The mood among the people Ryan has talked to seems positive toward the project, the congressman said Thursday. People are voting early by going to the Trumbull County Board of Elections, so residents appear to be engaged in the issue, he said.
But opponents haven’t given up the fight. Brett Dickson, a village resident who opposes the rezoning, filed a complaint with the Ohio Elections Commission against the Warren Area Board of Realtors and its CEO, Roberta Hiller; and the village of Lordstown and its mayor, Arno Hill.
The complaint centers on two semi trailers featuring large banners urging voters to support the rezoning in next week’s election. According to the complaint, the banners, which are political in nature, do not depict ownership on them as required by the Trumbull County Board of Elections and the Ohio Revised Code, and violate village ordinances as well.
The Warren Area Board of Realtors responded with a statement Thursday that the signs “clearly state” they were paid for by the Ohio Realtors, and each have two disclaimers stating that. “The disclaimers were in place the day the signs were installed and are still in place today,” the statement noted.

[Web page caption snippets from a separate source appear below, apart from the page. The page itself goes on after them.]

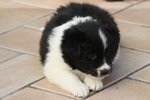 Fantastica Cucciolata di Border Collie da Pluricampioni Internazionali di Bellezza - Foto n. 4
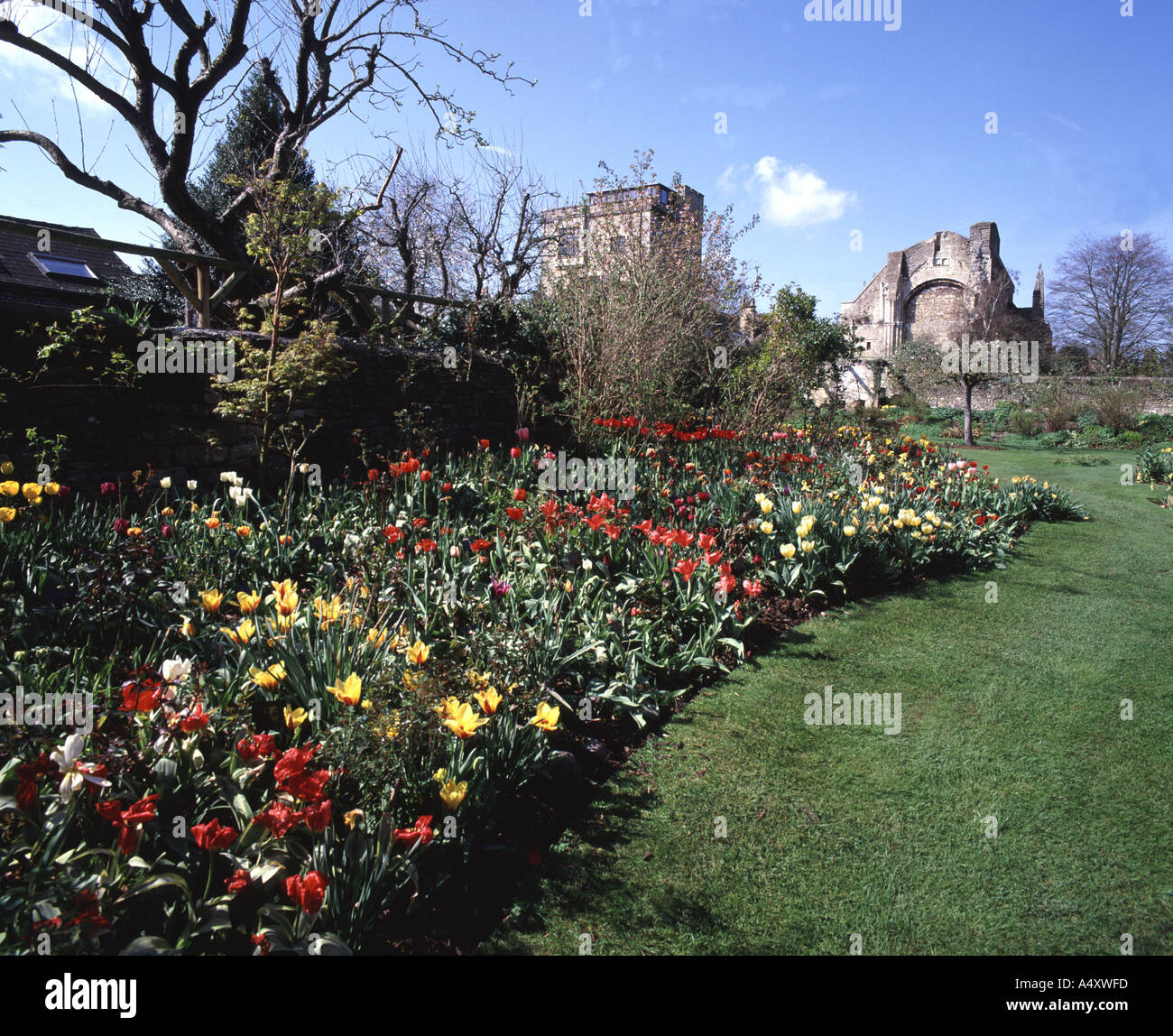 Abbey House Garden at Malmesbury Stock Photo Alamy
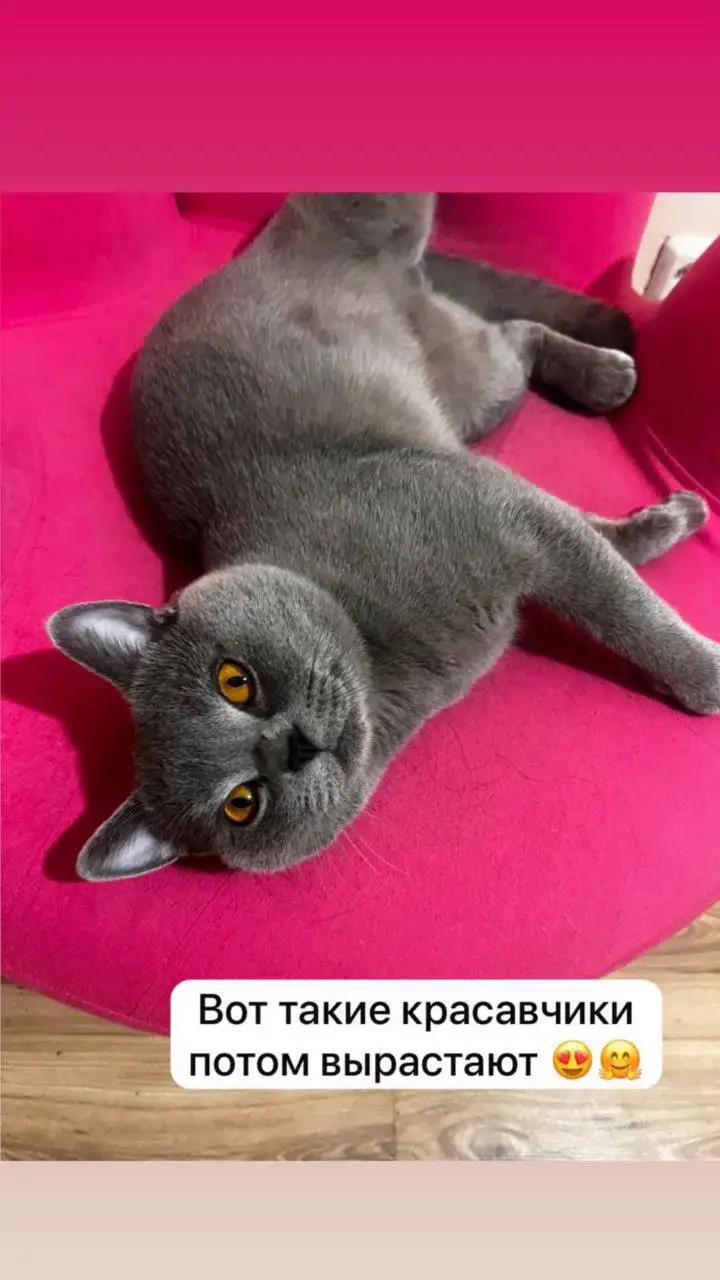 Отдам котика на передержку - Кошки (Животные) в Неизвестно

The realtors association affirmed its support for the TJX project and the rezoning, citing the increase in home values that the jobs offered by the warehouse will generate. TJX officials project the warehouse will employ 1,000 workers within its first five years of operation.
The organization said it would respond “in a timely manner” to the elections complaint, and that it would have “no further statements” regarding the matter.
Each violation carries a fine of up to $500, said Phil Richter, staff attorney for the state elections commission. The commission doesn’t always impose fines, particularly in the case of first-time violators, he noted.
Early voting ahead of next Tuesday’s election day is underway. As of Thursday evening, 58 absentee ballots were issued by mail and 41 of those have been returned, reported Trumbull County elections director Stephanie Penrose. In addition, 183 voters have cast ballots at the board’s offices in Warren.
Penrose projected turnout for eligible Lordstown voters to be about 25%.
Lordstown voters can cast early ballots at the Trumbull County Board of Elections until 2 p.m. Monday, Penrose said. Thhe board’s office is open until 7 p.m. today, from 8 a.m. to 4 p.m. Saturday and from 1 to 4 p.m. Sunday.
“Hopefully everything will work out all right because it would be a really huge win for everybody involved,” Ryan said. “I’m cautiously optimistic about it but can’t wait for the 21st to get here.”